Lo que escondía aquel armario era algo más que el legado de Leo Calvert.

Era su destino.

Horas y más horas de maquetas, riffs dispuestos para ser encajados en nuevas canciones, bases rítmicas, esbozos, letras. Y, sobre todo, aquellas treinta canciones ya terminadas que iban a convertirse en su tercer disco.

El álbum de su regreso.

El proyecto que iba a situarle en lo más alto.

Rebecca temía que si abría aquel armario, las canciones y todo lo demás saldrían volando por el aire, ávidas de libertad.

Ni siquiera le gustaba el título elegido por él para ese disco.

Canciones de sangre.

Lo había anunciado de improviso en una entrevista de televisión. Siempre lo consultaba todo con ella, pero esta vez no lo hizo. Se le olvidó. O no quiso compartirlo. O sabría ya de antemano que a ella no le gustaría.

¿Por qué Canciones de sangre?

Ni siquiera lo habían discutido.

El coche, el puente, el río, fin de la historia.

Bienvenida la leyenda.

A Leo le gustaba verla pintar en su estudio de arriba. A ella, verle grabar en el del sótano. Uno estaba lleno de luz y cuadros, botes de pintura y manchas en el suelo y las paredes. El otro era puro silencio, orden, como una enorme oreja dispuesta a escuchar lo que un músico fuera capaz de darle. A veces, no había noches. Ni días.

Solo ellos.

Sobre todo después de las peleas, los internamientos, las curas de reposo...

Cuando la música era un placer, no una necesidad.

El precio a pagar.

La felicidad no era gratis.

Miró la hora. Grace no tardaría en regresar del pueblo. Bajó los pies del borde de la mesa y se puso en pie.

En unos días, cinco años.

Odiaba los aniversarios en vida, más en la muerte.

Rebecca salió del estudio y cerró la puerta a su espalda. Con llave. Subió el tramo de escalera que la arrancaba del sótano y la devolvía a la superficie de la tierra. Diecisiete escalones divididos en tres tramos. Un pequeño paso para él, un gran salto para ella. Cuando Leo vivía, bajarlos era como viajar a una Disneylandia no siempre luminosa, porque la creatividad dolía, ahogaba y podía ser un cáncer devorador, bien lo sabía ella como pintora. Subirlos ahora, en cambio, significaba darle la espalda al pasado.

Cinco años de pasado.

Con el presente secuestrado y el futuro...

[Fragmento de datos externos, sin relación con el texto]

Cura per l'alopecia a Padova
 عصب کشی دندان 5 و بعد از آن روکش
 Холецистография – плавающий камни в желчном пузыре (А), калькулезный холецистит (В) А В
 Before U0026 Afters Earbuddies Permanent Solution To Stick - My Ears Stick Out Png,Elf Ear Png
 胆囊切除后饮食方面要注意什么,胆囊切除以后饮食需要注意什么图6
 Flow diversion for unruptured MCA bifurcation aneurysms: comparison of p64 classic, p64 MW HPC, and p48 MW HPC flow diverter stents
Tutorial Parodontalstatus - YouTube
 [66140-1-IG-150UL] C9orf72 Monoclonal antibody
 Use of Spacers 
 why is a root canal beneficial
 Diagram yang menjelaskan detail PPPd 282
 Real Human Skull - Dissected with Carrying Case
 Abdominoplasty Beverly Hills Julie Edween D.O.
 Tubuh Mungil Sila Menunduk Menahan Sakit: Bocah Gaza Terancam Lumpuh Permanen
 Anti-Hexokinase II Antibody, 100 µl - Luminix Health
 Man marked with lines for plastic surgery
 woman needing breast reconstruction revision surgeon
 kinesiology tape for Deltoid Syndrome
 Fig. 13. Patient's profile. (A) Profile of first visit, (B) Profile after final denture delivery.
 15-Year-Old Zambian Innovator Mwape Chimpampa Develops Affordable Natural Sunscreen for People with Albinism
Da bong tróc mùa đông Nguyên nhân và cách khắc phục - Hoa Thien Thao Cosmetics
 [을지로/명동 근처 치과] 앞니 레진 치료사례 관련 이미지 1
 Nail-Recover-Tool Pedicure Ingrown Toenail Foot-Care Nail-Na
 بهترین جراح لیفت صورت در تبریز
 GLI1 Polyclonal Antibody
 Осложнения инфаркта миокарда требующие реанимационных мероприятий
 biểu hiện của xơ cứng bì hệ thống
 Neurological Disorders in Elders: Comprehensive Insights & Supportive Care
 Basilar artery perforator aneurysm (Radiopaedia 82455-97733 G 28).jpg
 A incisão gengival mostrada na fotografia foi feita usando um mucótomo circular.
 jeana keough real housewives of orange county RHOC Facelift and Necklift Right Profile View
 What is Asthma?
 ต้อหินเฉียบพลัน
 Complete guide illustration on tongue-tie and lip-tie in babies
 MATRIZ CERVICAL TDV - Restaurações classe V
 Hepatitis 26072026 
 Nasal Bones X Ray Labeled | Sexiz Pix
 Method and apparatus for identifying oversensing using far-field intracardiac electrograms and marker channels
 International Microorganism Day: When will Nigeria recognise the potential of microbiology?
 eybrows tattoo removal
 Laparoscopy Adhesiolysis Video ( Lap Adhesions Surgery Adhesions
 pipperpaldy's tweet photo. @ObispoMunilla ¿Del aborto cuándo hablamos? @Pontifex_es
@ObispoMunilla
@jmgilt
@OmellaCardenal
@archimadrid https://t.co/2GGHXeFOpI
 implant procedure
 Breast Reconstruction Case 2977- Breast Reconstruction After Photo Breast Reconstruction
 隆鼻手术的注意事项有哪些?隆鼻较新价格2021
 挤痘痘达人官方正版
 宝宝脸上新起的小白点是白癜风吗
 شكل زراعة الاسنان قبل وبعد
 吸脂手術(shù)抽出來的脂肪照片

Leo había dicho en una canción: «Me bajé del tiovivo porque solo daba vueltas en círculo».

Así se sentía ella.

El problema era que la niña de doce años que se había quedado sin padre era ya una mujer próxima a cumplir los diecisiete y que no se iba a contentar con medias respuestas a medias verdades.

«Todo llega. No esperes, ve a por ello antes de que te atropelle».

¿Por qué Leo siempre resumía las cosas con tanta simpleza?